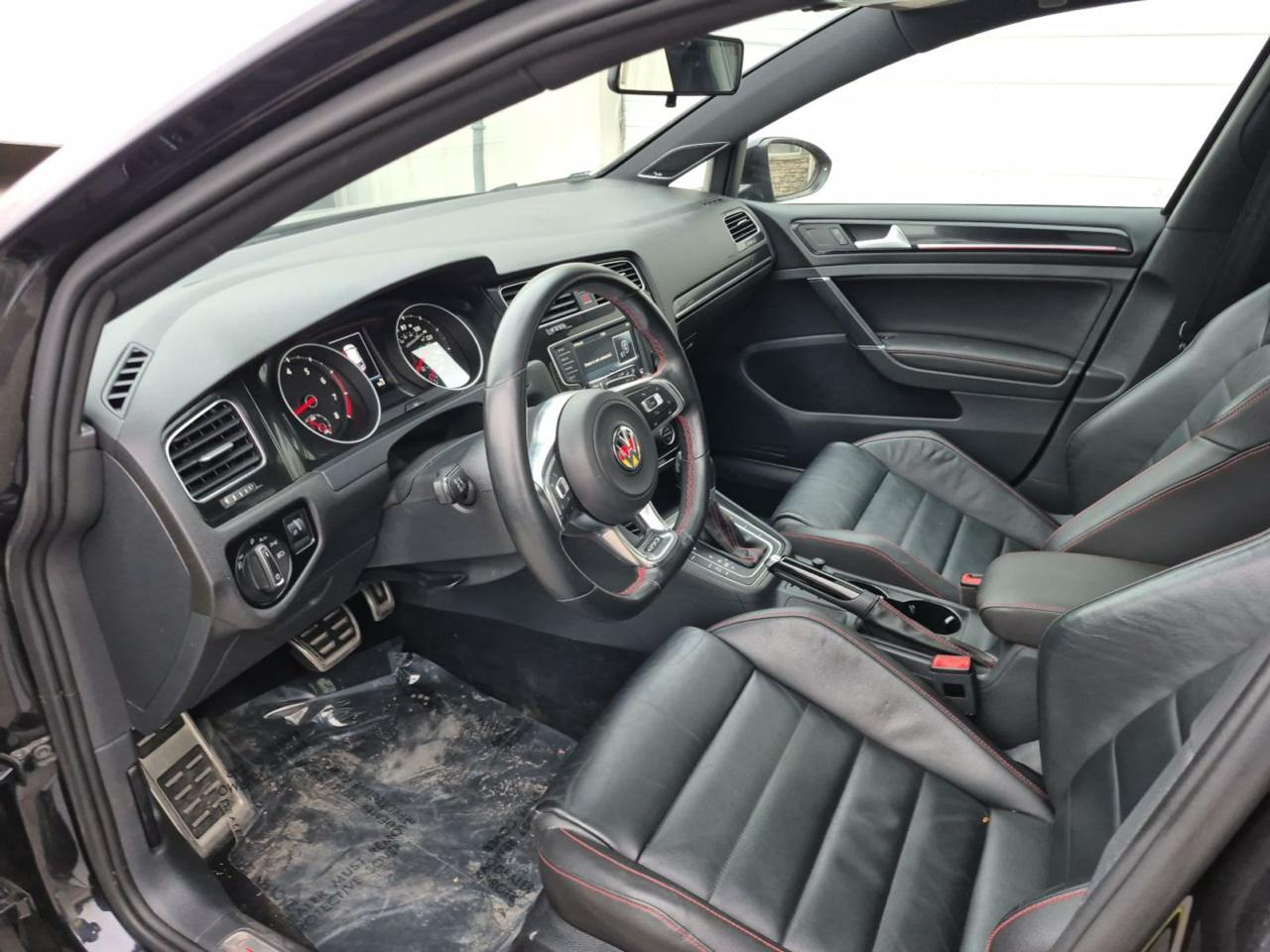 Volkswagen Golf GTI  2016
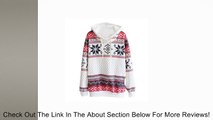 Towallmark(TM)Women Christmas Snow Hoodie Sweatshirt Jumper Sweater Hooded Pullover Review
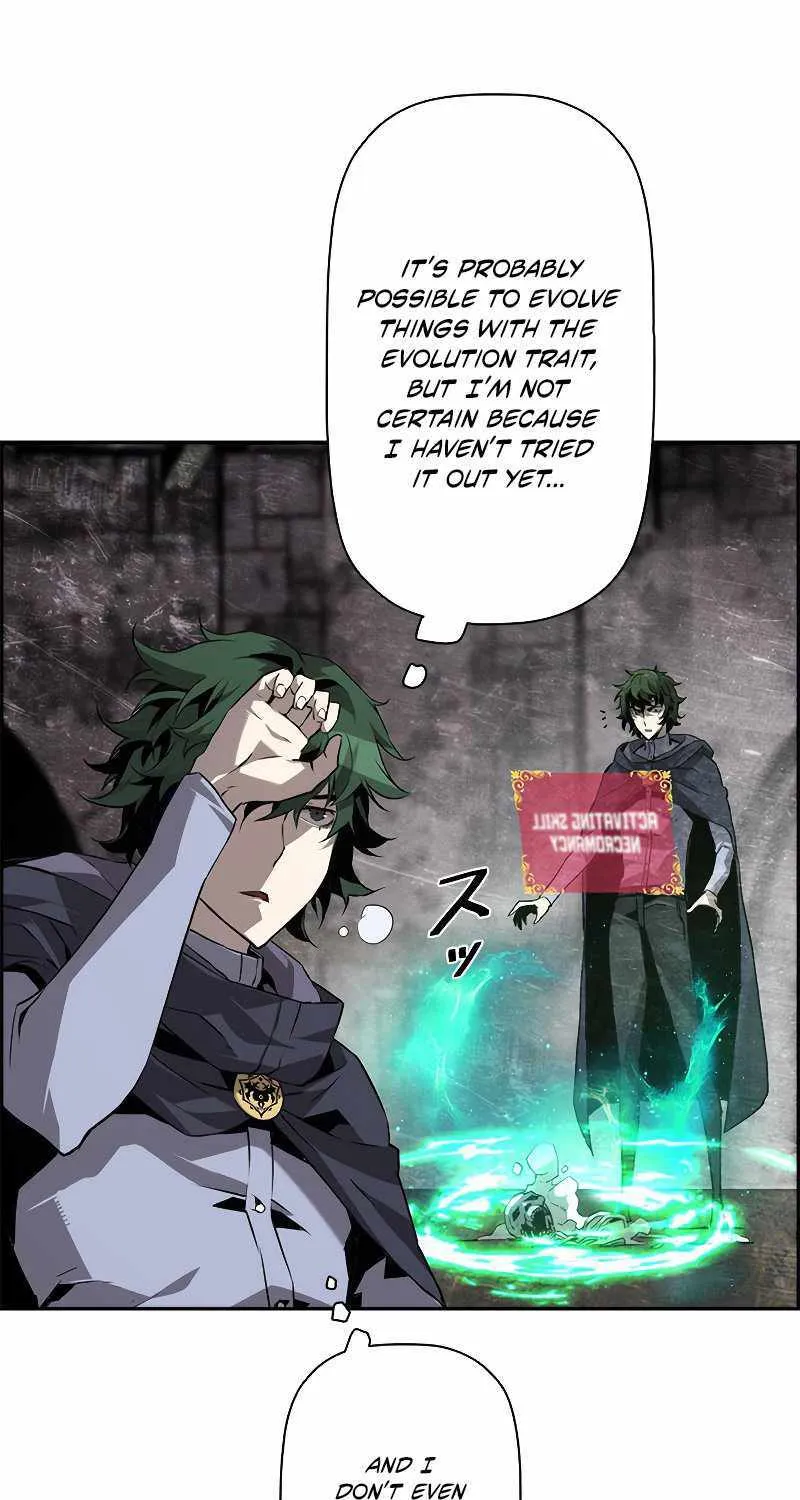 Read Necromancer’s Evolutionary Traits chapter 4 image 10 on Lezhin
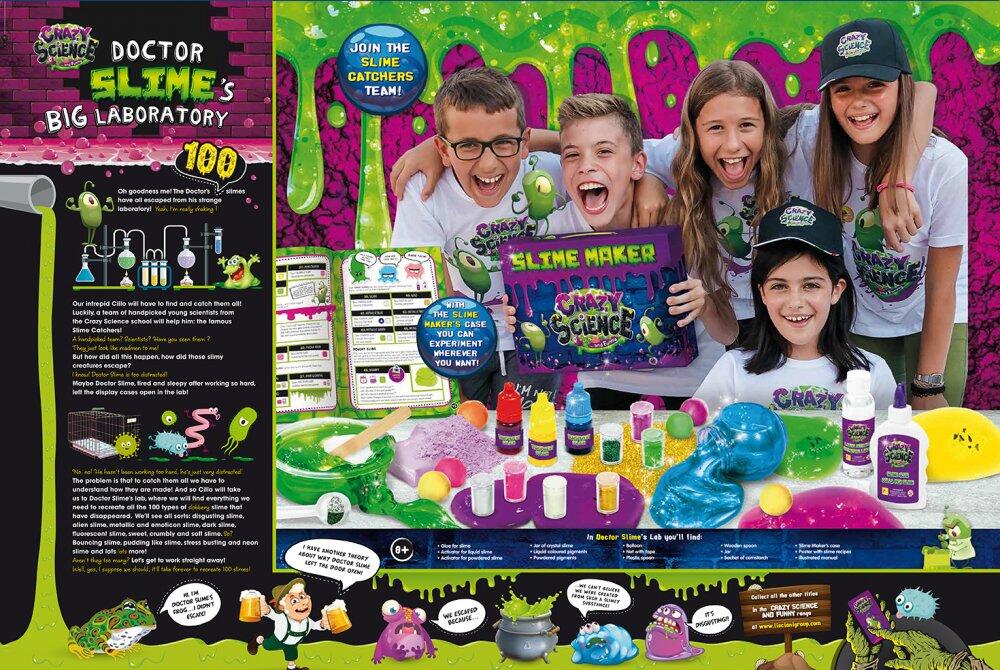 Experimente geniale - Laboratorul de slime, [2],bestfam.ro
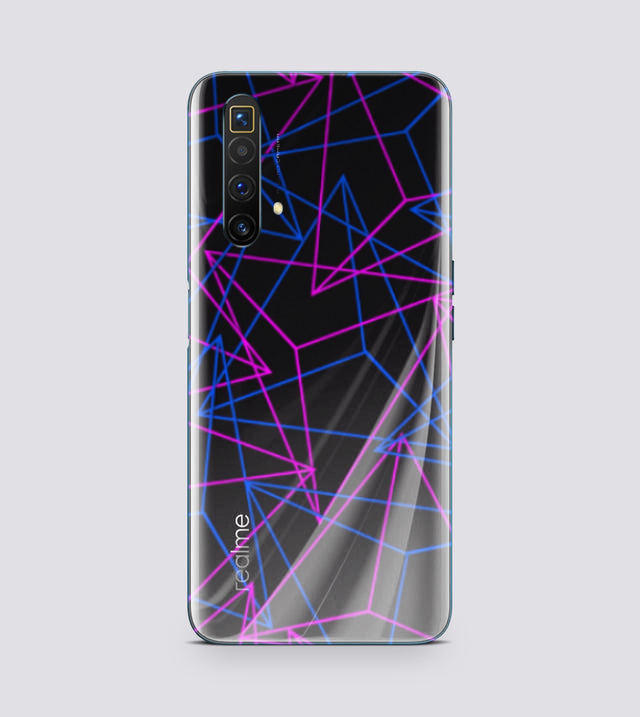 Realme X3 | Neon Nexus | 3D Texture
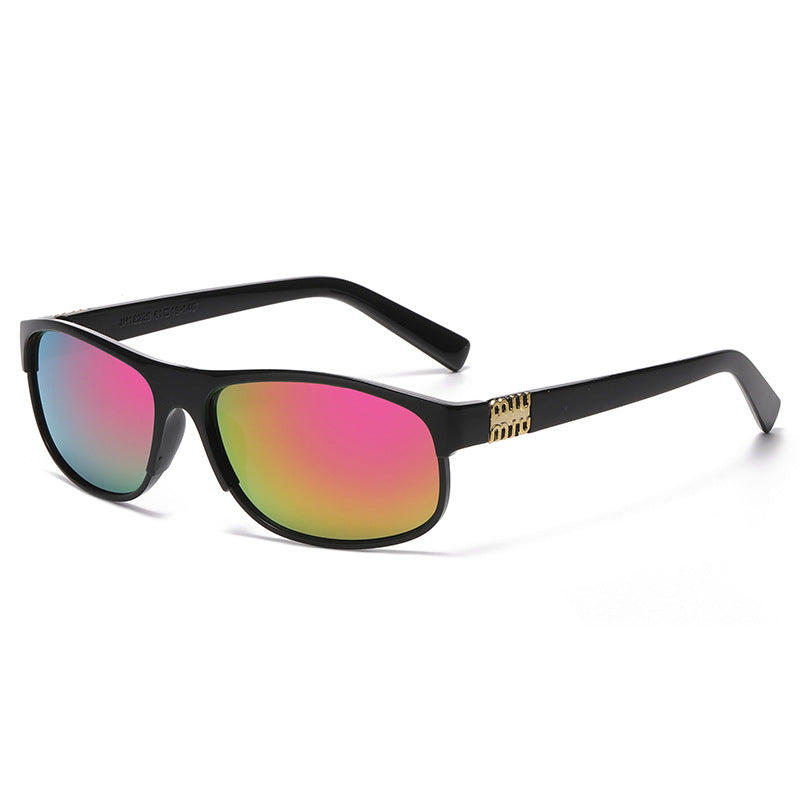 Damen modische Sonnenbrille mit polarisierenden Gläsern und stilvollem Rahmen Karnz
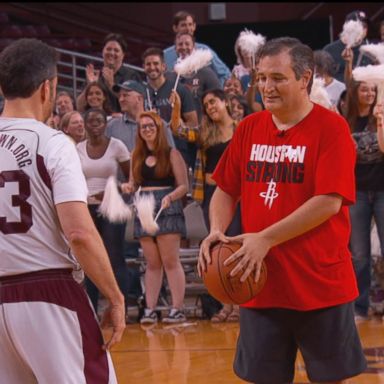 VIDEO: Jimmy Kimmel goes one-on-one again with Ted Cruz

What you should do:
The preceding listing is to be restated word for word, with every picture omitted.

Reply to the task:
 Volkswagen Golf GTI  2016
 Towallmark(TM)Women Christmas Snow Hoodie Sweatshirt Jumper Sweater Hooded Pullover Review
 Read Necromancer’s Evolutionary Traits chapter 4 image 10 on Lezhin
 Experimente geniale - Laboratorul de slime, [2],bestfam.ro
 Realme X3 | Neon Nexus | 3D Texture
 Damen modische Sonnenbrille mit polarisierenden Gläsern und stilvollem Rahmen Karnz
 VIDEO: Jimmy Kimmel goes one-on-one again with Ted Cruz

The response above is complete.